Effect of chelerythrine against endotoxic shock in mice and its modulation of inflammatory mediators in peritoneal macrophages through the modulation of mitogen-activated protein kinase (MAPK) pathway.

机构信息

School of Medicine, Xi'an Jiaotong University, No. 76 Western Yanta Road, Xi'an City, Shaanxi Province 710061, People's Republic of China.

出版信息

Inflammation. 2012 Dec;35(6):1814-24. doi: 10.1007/s10753-012-9502-1.

Abstract

A quaternary benzo [c] alkaloid chelerythrine (CHE), which is a traditional herbal prescription, has been used for the treatment of various inflammatory diseases.

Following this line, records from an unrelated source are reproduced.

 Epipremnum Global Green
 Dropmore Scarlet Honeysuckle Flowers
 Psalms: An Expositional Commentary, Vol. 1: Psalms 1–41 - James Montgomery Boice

To gain insight into the anti-inflammatory effect and molecular mechanisms underlying the anti-inflammatory activity of CHE, we used experimentally induced mice endotoxic shock moled and lipopolysaccharide (LPS)-induced murine peritoneal macrophages to examine the anti-inflammatory function of CHE. CHE displayed significant anti-inflammatory effects in experimentally induced mice endotoxic shock model in vivo through inhibition of LPS-induced tumor necrosis factor-alpha (TNF-α) level and nitric oxide (NO) production in serum. Additionally, our data suggest that CHE treatment inhibits LPS-induced TNF-α level and NO production in LPS-induced murine peritoneal macrophages through selective inhibition of p38 mitogen-activated protein kinase (MAPK) and extracellular signal-regulated protein kinases 1 and 2 (ERK1/2) activation. Moreover, the effects of CHE on NO and cytokine TNF-α production can possibly be explained by the role of p38 MAPK and ERK1/2 in the regulation of inflammatory mediators expression.

摘要

一种季[环]苯并[c]菲里啶( CHE )的生物碱,是一种传统的草药处方,已被用于治疗各种炎症性疾病。为了深入了解 CHE 的抗炎作用和抗炎活性的分子机制,我们使用实验性诱导的内毒素休克模型和脂多糖( LPS )诱导的小鼠腹腔巨噬细胞来研究 CHE 的抗炎功能。 CHE 通过抑制 LPS 诱导的肿瘤坏死因子-α( TNF-α)水平和血清中一氧化氮( NO )的产生,在体内实验性诱导的内毒素休克模型中显示出显著的抗炎作用。此外,我们的数据表明, CHE 通过选择性抑制 p38 丝裂原激活蛋白激酶( MAPK )和细胞外信号调节蛋白激酶 1 和 2 ( ERK1/2 )的激活,抑制 LPS 诱导的 TNF-α水平和 NO 产生。此外, CHE 对 NO 和细胞因子 TNF-α产生的影响可能可以通过 p38 MAPK 和 ERK1/2 在调节炎症介质表达中的作用来解释。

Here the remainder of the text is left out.